Większa kontrola cen transferowych, korzyści wynikające z programu 500+ i podzielenie się z samorządami wpływami z planowanego podatku od sklepów – tak Ministerstwo Finansów widzi możliwość zrekompensowania samorządom ubytków wynikających z wdrożenia wyższej kwoty wolnej od podatku (ma wzrosnąć z 3 do 8 tys. zł).
Jak oceniają samorządy, zwiększenie kwoty wolnej od PIT co roku uszczupli ich dochody o blisko 7 mld zł. Wczoraj na ten temat dyskutowali przedstawiciele największych korporacji samorządowych, którzy pojawili się w Ministerstwie Finansów na zaproszenie szefa resortu Pawła Szałamachy.
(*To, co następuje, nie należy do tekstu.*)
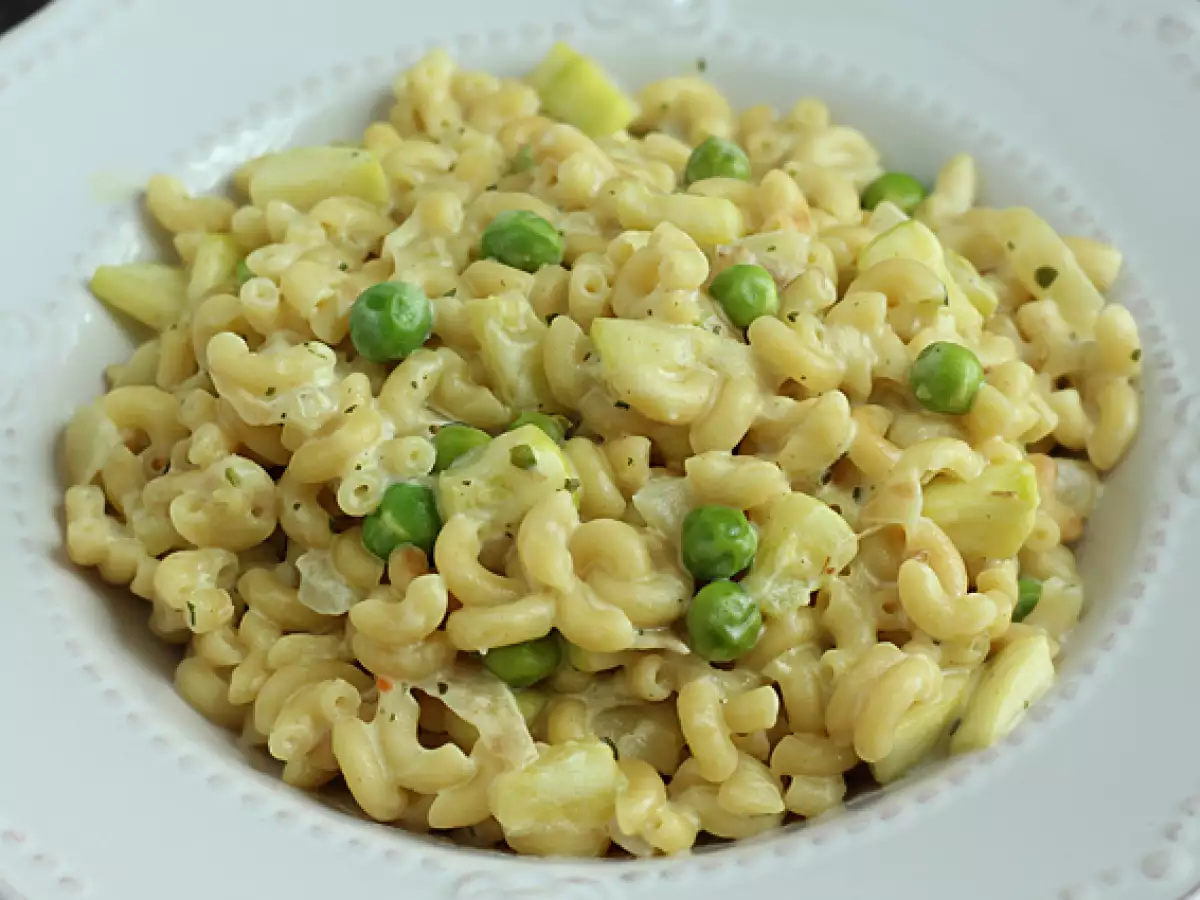 Coquillettes-pastasta valmistettu risotto herneillä, kesäkurpitsalla ja valkosipuli-yrttituorejuustolla - kuva 2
Jak mówią nam uczestnicy spotkania, wizje tego, jak zrekompensować samorządom wyrwę w ich budżetach po wprowadzeniu wyższej kwoty wolnej w 2017 r., są raczej rozbieżne. Samorządy chciałyby prostego zwiększenia udziałów procentowych we wpływach z PIT. Minister Szałamacha jednak się na to nie zgadza.
– Padł natomiast argument, że uszczelnienie systemu podatkowego zwiększy dochody samorządów z PIT i CIT – opisuje Adam Struzik, marszałek woj. mazowieckiego.
Z naszych informacji wynika, że chodzi o zwiększenie kontroli cen transferowych.
MF niedawno wezwało firmy, które zawyżały ceny w transakcjach z powiązanymi z nimi podmiotami, by skorygowały deklaracje i dopłaciły brakujący podatek.
– Usłyszeliśmy, że wpływy podatkowe z tego tytułu miałyby wzrosnąć o 2 mld zł rocznie – relacjonuje nam uczestnik spotkania w MF.
Resort twierdzi też, że samorządowcy zyskają na programie 500+. Zdaniem ministra dzięki niemu zmniejszy się liczba osób korzystających z pomocy społecznej. Samorządowcy nie są przekonani. – Dziś z pomocy społecznej można mieć 1800 zł netto, do tego dojdzie jeszcze 500 zł na dziecko. Tacy ludzie niekoniecznie będą chcieli pracować, a skoro tak, to liczba podopiecznych wcale nie musi nam się jakoś radykalnie zmniejszyć – podkreśla Andrzej Porawski ze Związku Miast Polskich.
Minister miał również wspomnieć o woli podzielenia się z samorządami wpływami z szykowanego podatku od sklepów. W jakiej proporcji – nie wiadomo. W piątek minister ma przedstawić założenia projektu ustawy. Do tej pory rząd szacował wpływy z tego tytułu na 2 mld zł.
Samorządowcy nie kryją rozczarowania brakiem jaśniejszych deklaracji ze strony nowego ministra. – Ale pocieszające jest to, że do spotkania w ogóle doszło. Wcześniejsze ekipy, wprowadzając zmiany podatkowe, nie organizowały takich rozmów – przyznaje Andrzej Porawski.